Microstructure, wear resistance and electrochemical properties of spherical/non-spherical WC reinforced Inconel 625 superalloy by laser melting deposition

The strengthening mechanism of spherical WC and non-spherical WC reinforced Inconel 625 composite coatings was investigated by laser melting deposition technique. The microstructure, phase composition, wear resistance, and electrochemical corrosion performance of the 15 wt.% spherical WC/IN625 and 15 wt.% non-spherical WC/IN625 composites are studied. The addition of WC changes the grain growth of the coating, forming columnar grains perpendicular to the WC and fine equiaxed grains around the WC particles. WC is partially decomposed during laser melting deposition, where the non-spherical WC decomposes more seriously, and the C and W elements in WC diffuse into the IN625 matrix.

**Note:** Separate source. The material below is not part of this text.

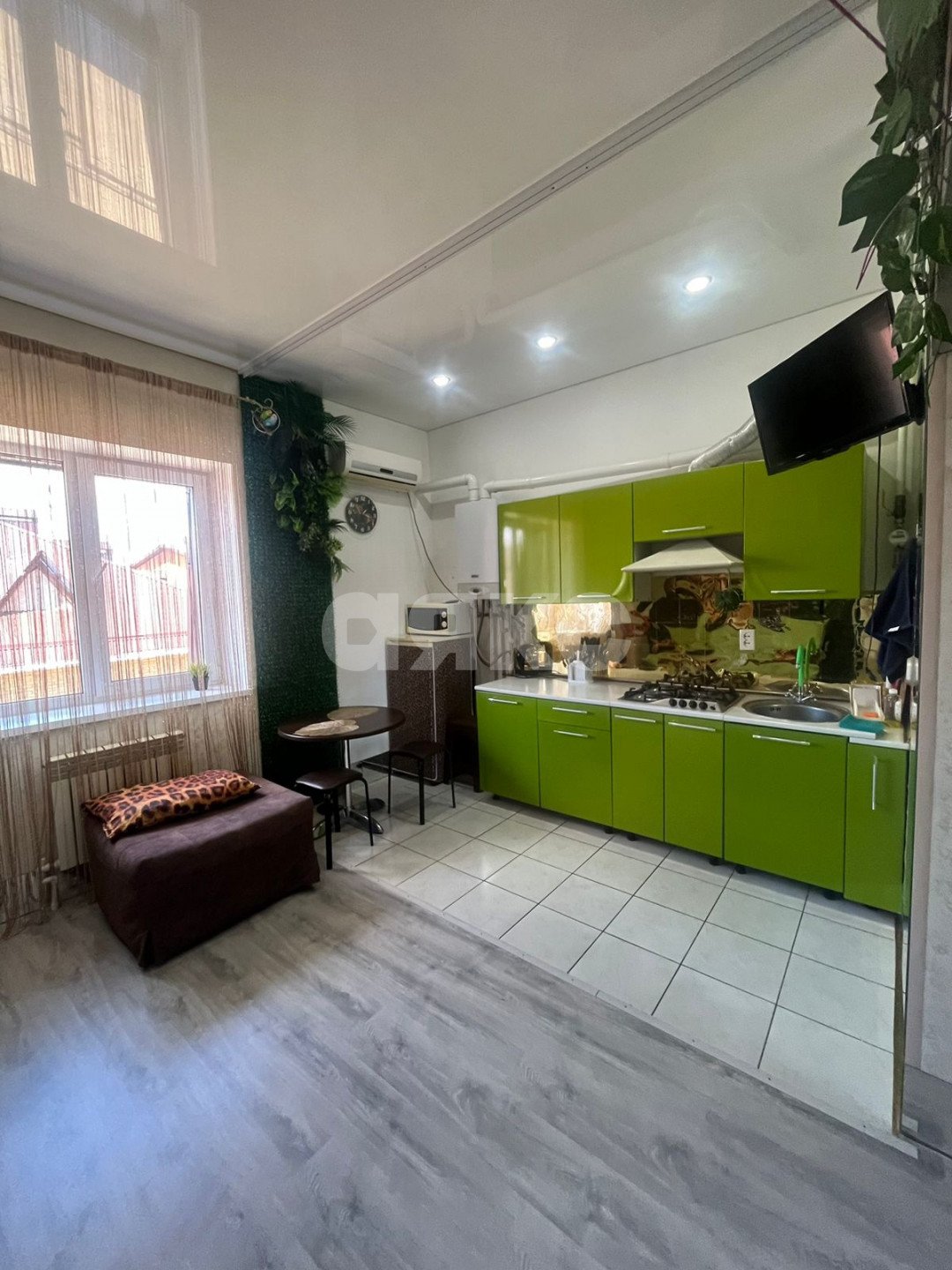 Фото №6: Студия 23 м² - Горячий Ключ, мкр. Администрация, ул. Новонабережная, 1Ж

The decomposed WC and other elements in the coating generated new phases such as WC, W2C, NbC, W6C2.54, and M23C6. The newly formed hard phase and the undecomposed WC particles are uniformly scattered in the IN625 matrix, which improves the microhardness, wear resistance and corrosion resistance of the substrate. Since non-spherical WC is more prone to breakage during the frictional wear phase, the wear resistance of the spherical WC/IN625 coating is stronger, with a wear rate 0.13 times higher than that of the non-spherical WC/IN625 coating. During electrochemical corrosion, the corrosion current density of the spherical WC/IN625 coating is 0.78 times higher than that of the non-spherical WC/IN625, and the polarization resistance is 1.18 times higher.